Coastal Preservation, Legal
May 18 2017

Progress in our Campaign to Keep Sand Where it Belongs – the Beach.

by Staley Prom

This week marked progress in the Surfrider Foundation’s campaign to stop the CEMEX sand mine from egregiously taking sand from the beach in Marina, California.   In a letter penned by Executive Director Jennifer Lucchesi, the California State Lands Commission told CEMEX it must immediately submit a lease application to the Commission for its consideration or cease dredge pond operations at the Lapis plant.

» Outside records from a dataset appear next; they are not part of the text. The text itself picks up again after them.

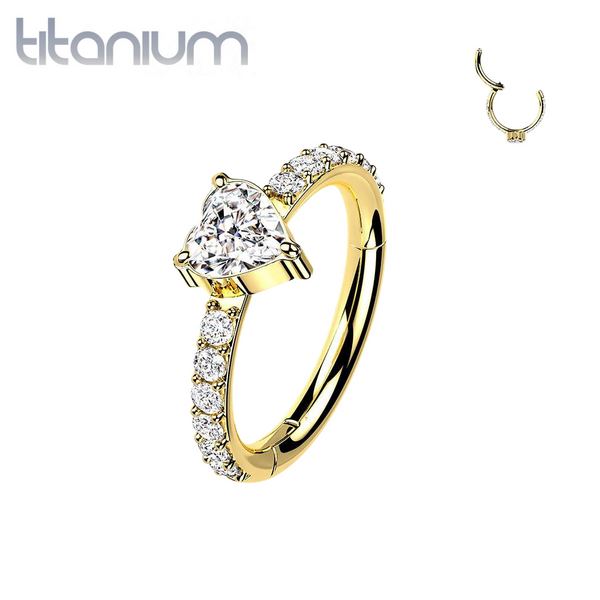 Implant Grade Titanium Rose Gold PVD White CZ With Heart Shaped Center Hinged Clicker Hoop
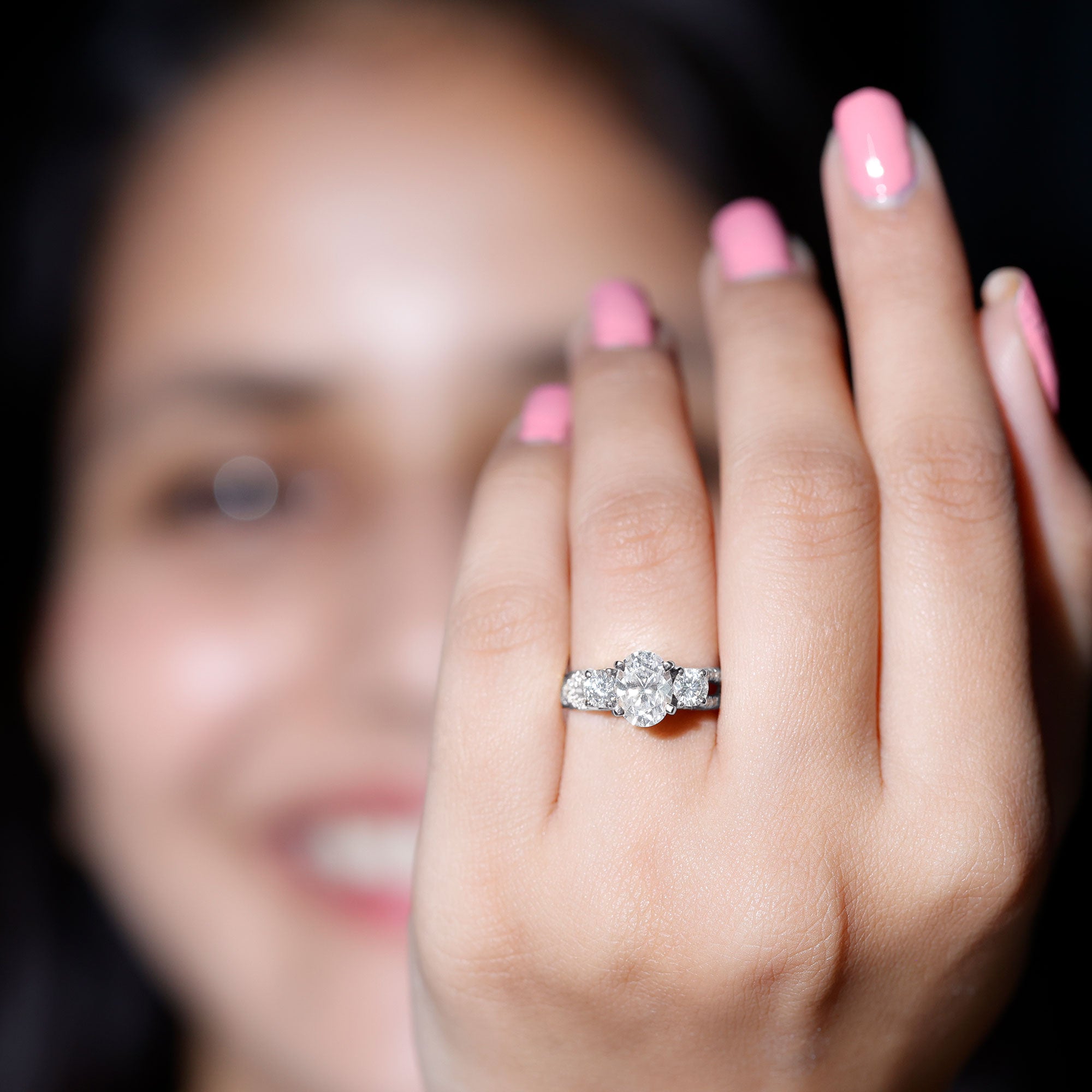 Certified Moissanite Three Stone Engagement Ring with Crossover Shank D-VS1 - Rosec Jewels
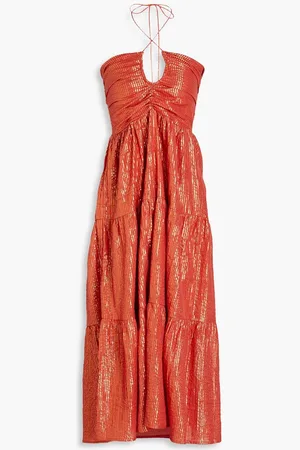 sundress Rika metallic striped cotton-blend halterneck midi dress - Red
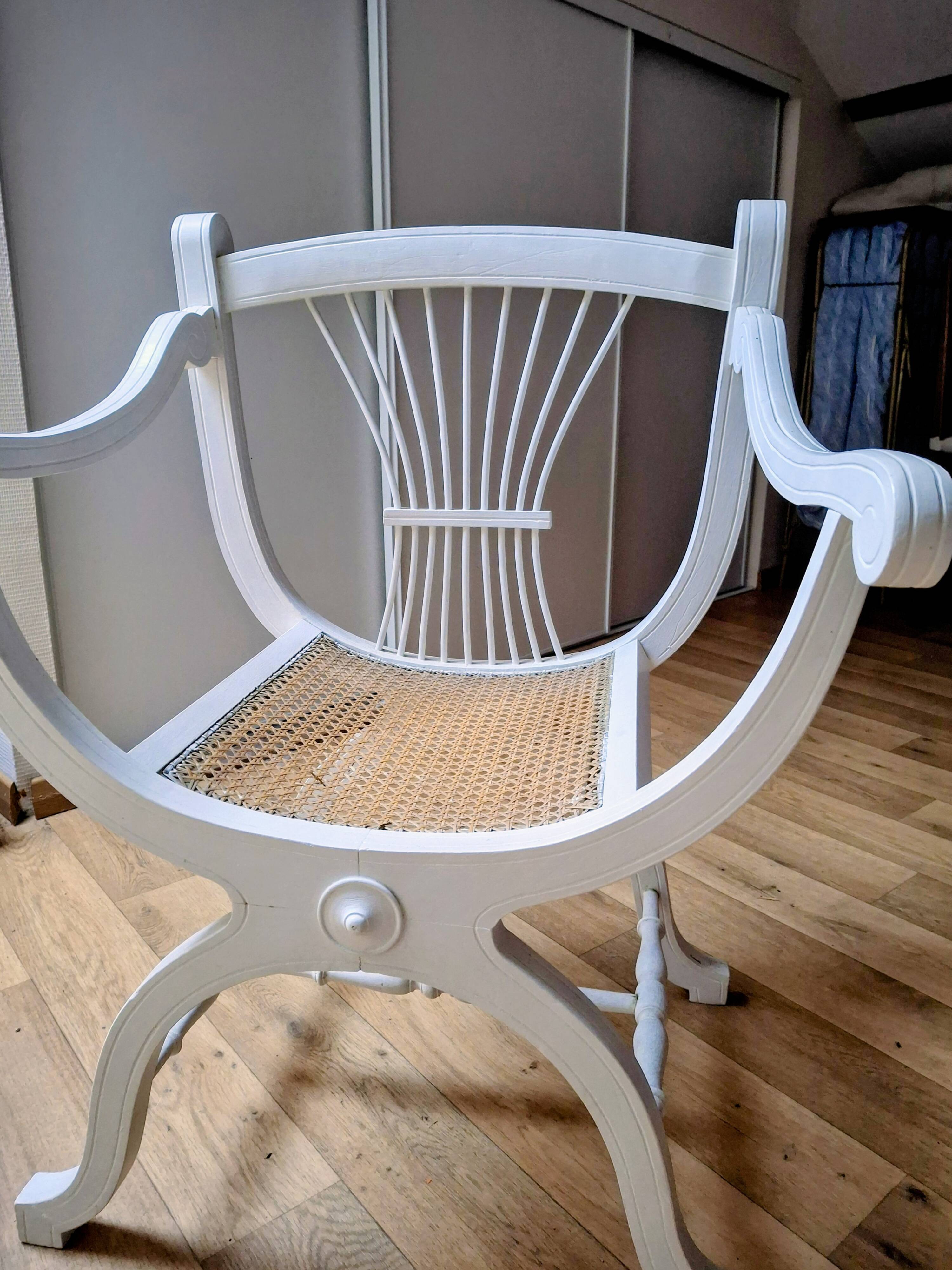 white Dagobert armchair with caning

The Commission cited to the fact that CEMEX’s operations, which mine tons of sand – as much as 200,000 cubic yards annually in recent years – from the beach, constitutes a “conversion” (that’s stealing, in legalese) of public trust sand resources.  As the letter notes, the commercial exploitation of a public trust resource (which the state holds and protects on behalf of the public) without compensation to the State, constitutes an expropriation of public property that is prohibited by the California Constitution.

Given CEMEX’s high rates of extraction for many years, without any current permits or leases in place, it’s no surprise that the beaches around CEMEX are eroding faster than anywhere else along California’s coast.   Accordingly, the Commission’s letter also asserts that in addition to the financial and resource loss to California, CEMEX’s operation has also caused environmental damage, public and private property damage, and loss of economic benefit through beach erosion.  This likely constitutes a nuisance, which may be stopped under California case law.

“We are very encouraged by the letter sent to CEMEX by the State Lands Commission which compels CEMEX to either obtain a mining lease or shut down, says Ximena Waissbluth, Surfrider Foundation’s Monterey Chapter’s Special Projects Manager.  “This confirms what we have been arguing all along, that the sand being taken away is a California public trust resource and that State Lands has jurisdiction over it.  We don't yet know what CEMEX's response will be, so we will continue to monitor the issue, and continue to support both the California Coastal Commission and State Lands Commission in their efforts to shut the mine down.  After nearly two years on this campaign we are thrilled with this progress, and though we aren't ready to pop the cork yet, we are putting the champagne in the fridge.”

For more information on this recent step by the State Lands Commission, you may check out this media coverage: +  You may also learn more about Surfrider’s Monterey Chapter, and how to get involved, at the Chapter website.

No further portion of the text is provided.